When assessing the practicality of a project, it's important to know the point in which you throw in the towel and admit defeat. I'm a bit of an oddity in this regard, as I was born without the part of my brain that makes sound automotive decisions. This is exactly why I bought a crashed and rusty 16-year old, 4-door BMW with the hopes of making a profit.
*This is an article from APiDA Online's Art Of The Flip series, where I chronicle the process in which I buy and sell cool cars. If you'd like to see more of these types of stories, check us out here.*
The story's original article can be found here
Part 1: The car no one likes, but everyone probably needs.
Bavarian Motor Works' M Division is the group of crafty Germans that take cars adequately described as the posterchildren of middle management promotions and lengthy divorce settlements, and turn them into something more deserving of the decades-old slogan, "The Ultimate Driving Machine".
Their cars are unique in that they're perfectly poised to give you the precision to drive circles around and stop on a dime, and leave enough money in your pocket that you wouldn't need to get out of your car to pick up said dime. All cars throughout their range were equally guilty of this not-so-hidden ability to convert a freeway on-ramp into an instant ear-to-ear grin, although some models were less equal than others.

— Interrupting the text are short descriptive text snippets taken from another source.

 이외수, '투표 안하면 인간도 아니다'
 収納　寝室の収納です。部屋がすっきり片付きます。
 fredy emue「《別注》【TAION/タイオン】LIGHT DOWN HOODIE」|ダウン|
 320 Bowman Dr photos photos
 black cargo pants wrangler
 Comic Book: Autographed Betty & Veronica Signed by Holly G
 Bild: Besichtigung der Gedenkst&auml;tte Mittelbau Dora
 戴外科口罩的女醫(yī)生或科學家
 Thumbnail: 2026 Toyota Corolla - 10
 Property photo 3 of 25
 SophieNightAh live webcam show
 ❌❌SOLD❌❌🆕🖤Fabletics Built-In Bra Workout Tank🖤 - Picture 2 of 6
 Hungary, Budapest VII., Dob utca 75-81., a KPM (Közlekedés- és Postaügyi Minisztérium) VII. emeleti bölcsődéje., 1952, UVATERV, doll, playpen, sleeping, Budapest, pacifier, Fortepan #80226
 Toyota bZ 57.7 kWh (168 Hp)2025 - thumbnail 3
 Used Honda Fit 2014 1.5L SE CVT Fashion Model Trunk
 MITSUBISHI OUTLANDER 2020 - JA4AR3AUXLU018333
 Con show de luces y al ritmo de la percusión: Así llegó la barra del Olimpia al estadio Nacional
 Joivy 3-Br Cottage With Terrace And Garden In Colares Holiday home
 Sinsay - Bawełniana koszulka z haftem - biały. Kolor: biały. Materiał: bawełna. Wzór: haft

Pictured: The least equal of them all.
Enter the E36 M3.
By no means was this a bad car, but this was the underachiever in the M stable. It's the automotive equivalent of a young Neil deGrasse Tyson taking the advice of his contemporaries to not pursue science, but instead become a wrestler. Squandered potential for sure, for a reason that is better forgotten, BMW felt that the American market didn't deserve the ZOMGBALLS 300+ horsepower, 6-speed version that Europe got.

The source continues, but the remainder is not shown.